La Colombie, le Pérou et le Panama, pays dans l'attente de la ratification
de leur propre accord de libre-échange avec Washington, risqueraient
d'affronter une hostilité croissante au sein de leur opinion publique.
Ceux liés à Washington par un traité de libre commerce
en vigueur - Mexicains, Chiliens, Centraméricains- éviteraient
difficilement la naissance ou la relance d'un débat contradictoire.
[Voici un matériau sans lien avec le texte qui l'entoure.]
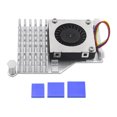 thumbnail image 1 of Yibooy For Raspberry Pi 5 Active Cooler with Adjustable Speed Cooling Fan (Silver), 1 of 8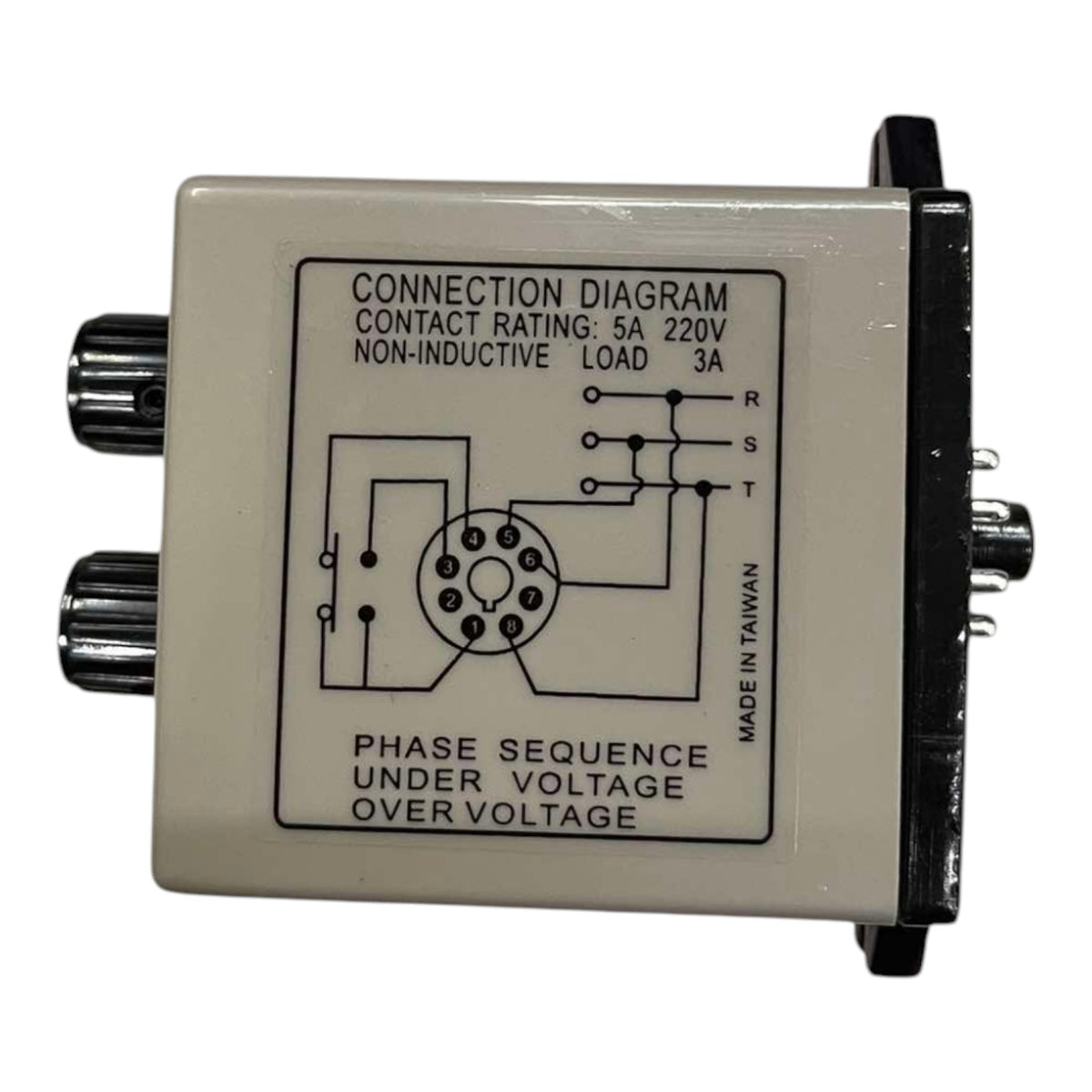 A small electrical component with a beige plastic housing and black metal terminals, printed with a connection diagram and technical specifications on the front.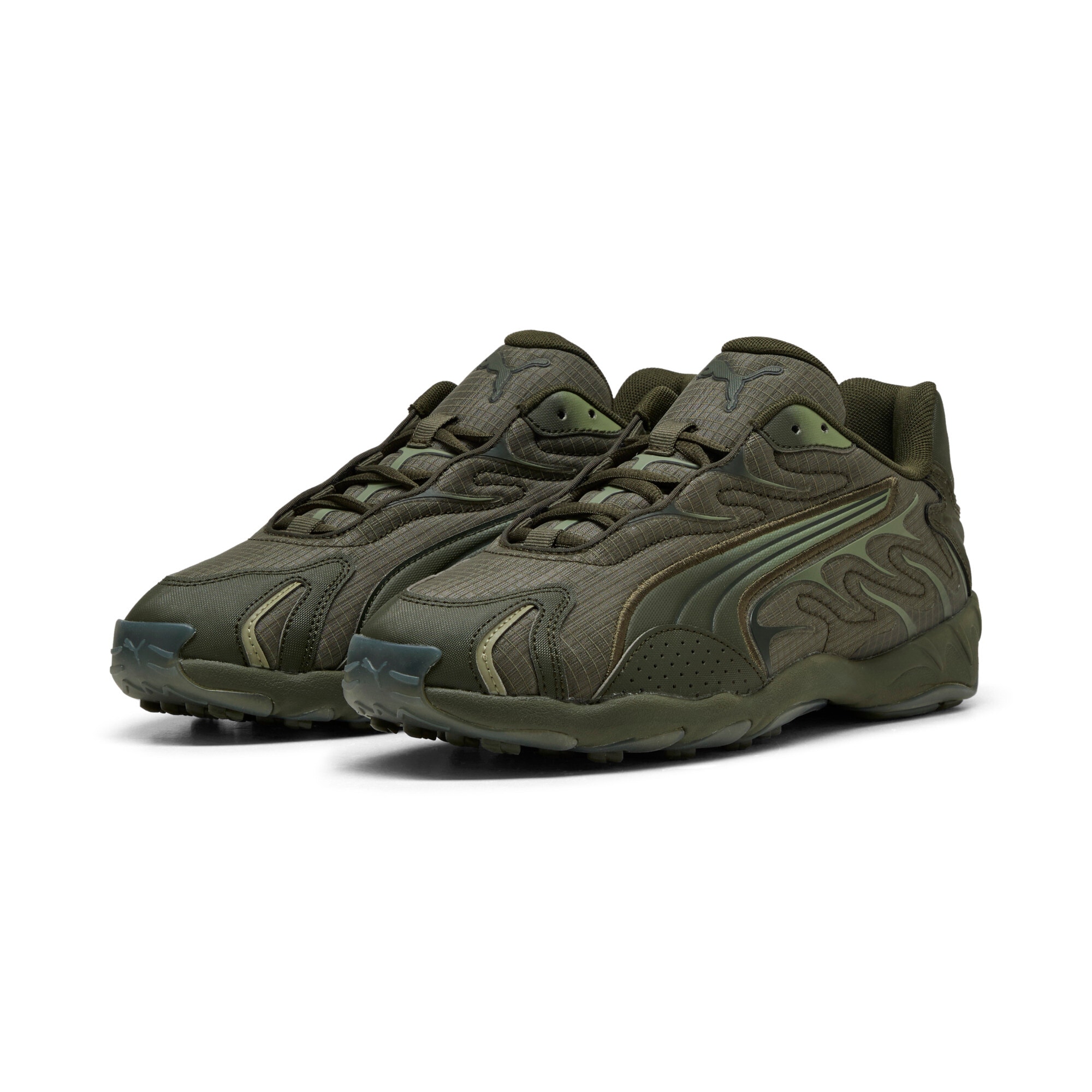 Sneaker PUMA "INHALE ESSENTIALS", Gr. 46, grün (schwarz olive, lux army), Textil, unifarben, Sportlich, Schuhe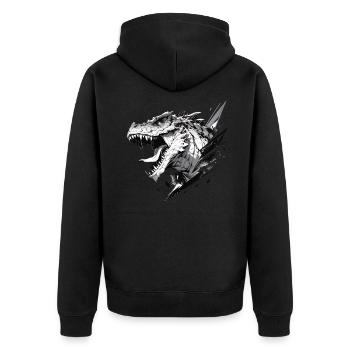 Mecha Animal Tiger Wolf Fox Dino Bear Cyborg - Unisex Premium Organic Zip Hoodie - black - Back - Nico (187cm)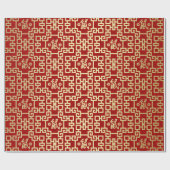 Chinees nieuwjaar van de Rat - rood en goud Cadeaupapier (Vlak)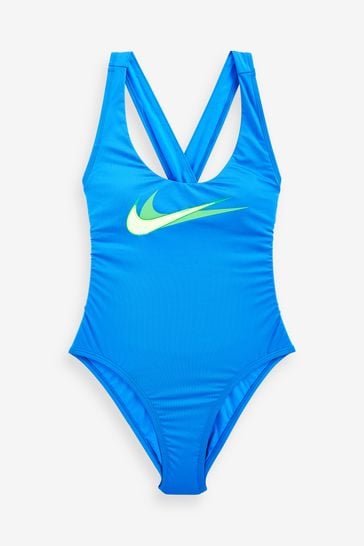 Nike Swim Blue Multi Logo Swimsuit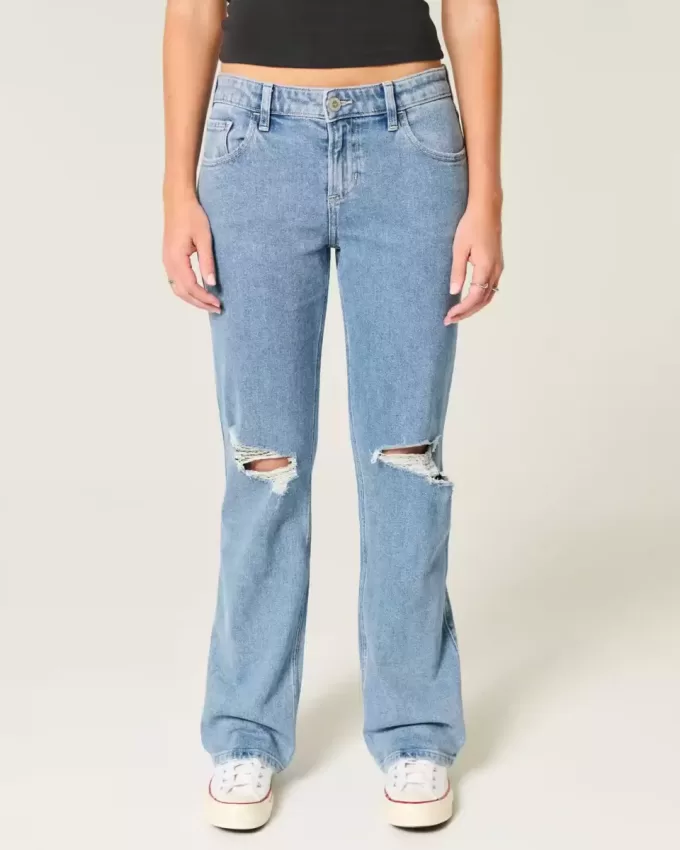 Lockere, gerade geschnittene Jeans mit niedrigem Bund und mittlerer Waschung Lockere, gerade geschnittene Jeans mit niedrigem Bund und mittlerer Waschung
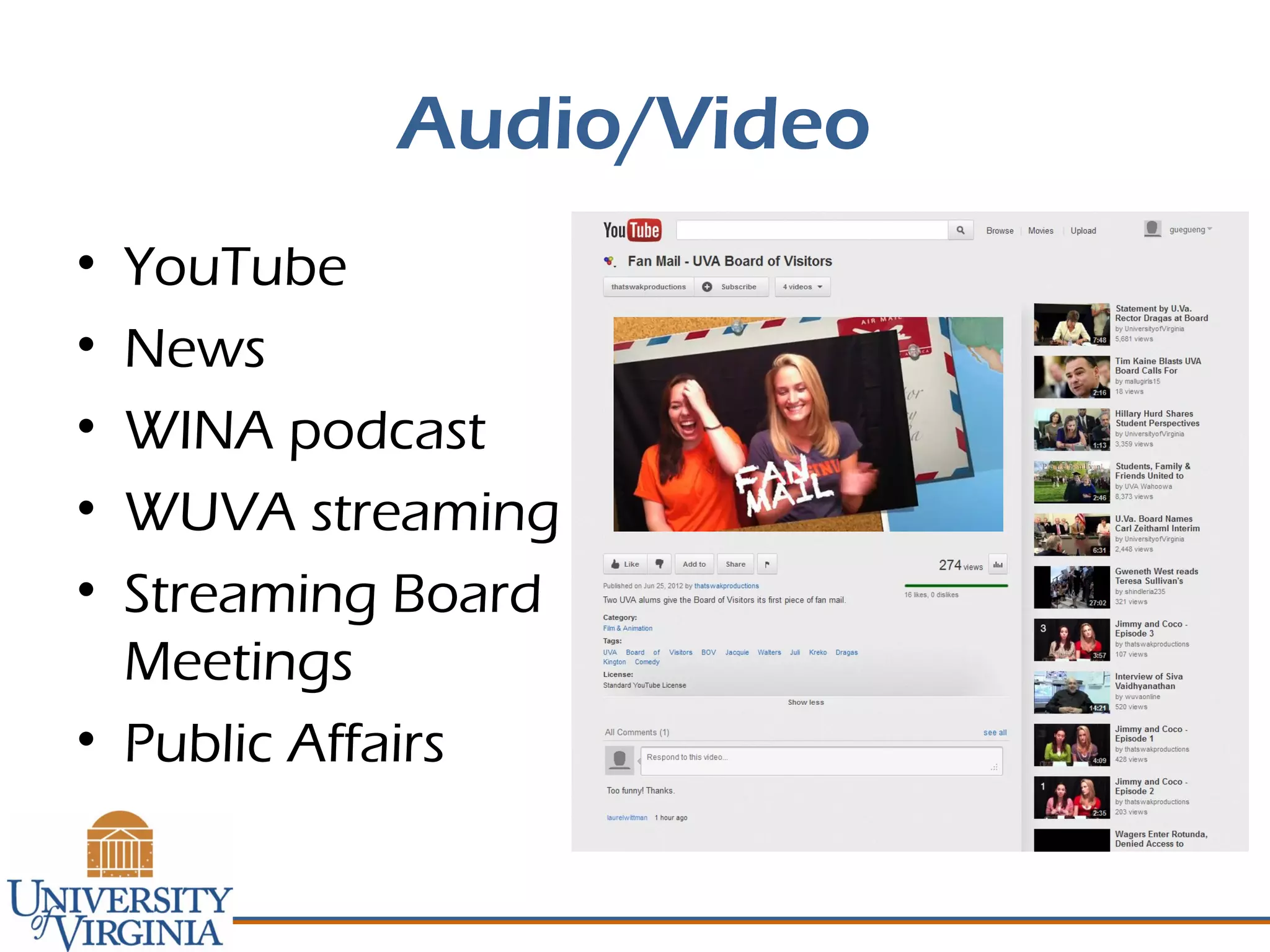Audio/Video
• YouTube
• News
• WINA podcast
• WUVA streaming
• Streaming Board
Meetings
• Public Affairs
 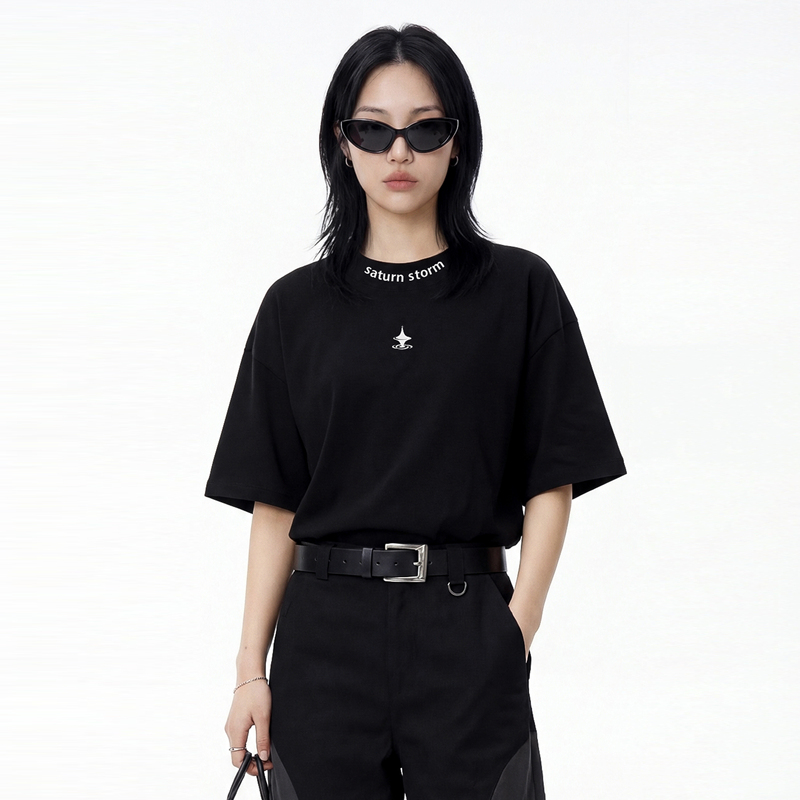 Saturnstorm Saturn Storm Original Collar Genderless Loose T-Shirt Off-Shoulder Breathable Trendyy Short-Sleeved Men and Women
Au Costa Rica, le rejet du traité serait aussi une gifle au prestige
du président social-démocrate Oscar Arias, Prix Nobel de la
Paix 1987. Le chef de l'Etat est déjà éclaboussé
par le scandale né d'une "campagne de la peur" qui contrarie la ratification
du traité.
Plus de 2,6 millions d'électeurs, pour une population globale de
4,2 millions de Costaricains, sont appelés dimanche à répondre
oui ou non à la question "Approuvez-vous le Traité de libre
commerce (TLC) République dominicaine, Centramérique / Etats-Unis?".
Ce TLC conclu en 2004 est connu aussi sous l'appellation CAFTA (Central American Free Trade
Agreement). Il régit le libre-échange entre, d'une part, les
Etats-Unis et, d'autre part, la République dominicaine et 5 pays d'Amérique
centrale (Costa Rica, Salvador, Guatemala, Honduras et Nicaragua). Seul le
Costa Rica, pays le plus développé de cette région,
ne l'a pas encore ratifié.
Publié par le quotidien costaricain La Nacion du 4 octobre, date
limite autorisée pour la diffusion de sondages, celui de la société
Unimer crédite le non de 55% des intentions de vote, contre 43% au
oui. La participation est estimée à 62%, soit très supérieure
à la barre légale de 40% à partir de laquelle le résultat
du référendum aura force contraignante.
Le 24 septembre, l'avant-dernier sondage d'Unimer donnait encore le oui vainqueur
par 49% contre 46% au non. Dans les prévisions diffusées en
août, le oui écrasait le non par 56% contre 36%.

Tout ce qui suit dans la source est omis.